The journey through the steep mountain range that separates Iranian Kurdistan from Iraqi Kurdistan took several days. “We stopped and hid to avoid being spotted by the Iranian drones. I couldn’t sleep or walk alone, my whole body hurt.” When he arrived in Erbil, he settled in a rented house and met his brother there. “We took him to different hospitals, but they tell us that they do not have the necessary instruments to operate on him,” explains Aso, who explains in detail that they managed to extract 60 pellets from his body, but the fact that he spent three months with his body full of pellets has greatly deteriorated his health.”They didn’t shoot him in the head, but they hit him so hard that he sometimes faints, loses consciousness and is in terrible pain. He has nightmares, he’s not well .

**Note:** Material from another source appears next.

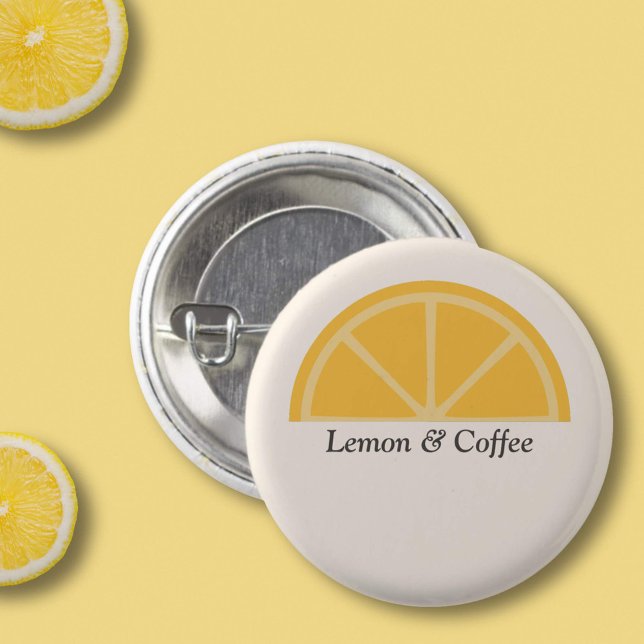 Lemon Half-Slice  3 Cm Round Badge (Lemon Half-Slice Button)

But the lack of medical technology is not the only thing holding back Iraqi doctors. Tehran’s repression has crossed the line and there is fear of what might happen to them in their own country, where the Iranian regime is acting as if it were an extension of the Islamic Republic. An Iraqi Kurdish journalist reports that Iranian engineers are unable to find jobs in Iraq because companies fear they will work for the government.
Meanwhile, Peyman continues with his body pierced in a lonely room without a doctor to help him. European embassies tell him to wait and UN officials in Erbil are unresponsive.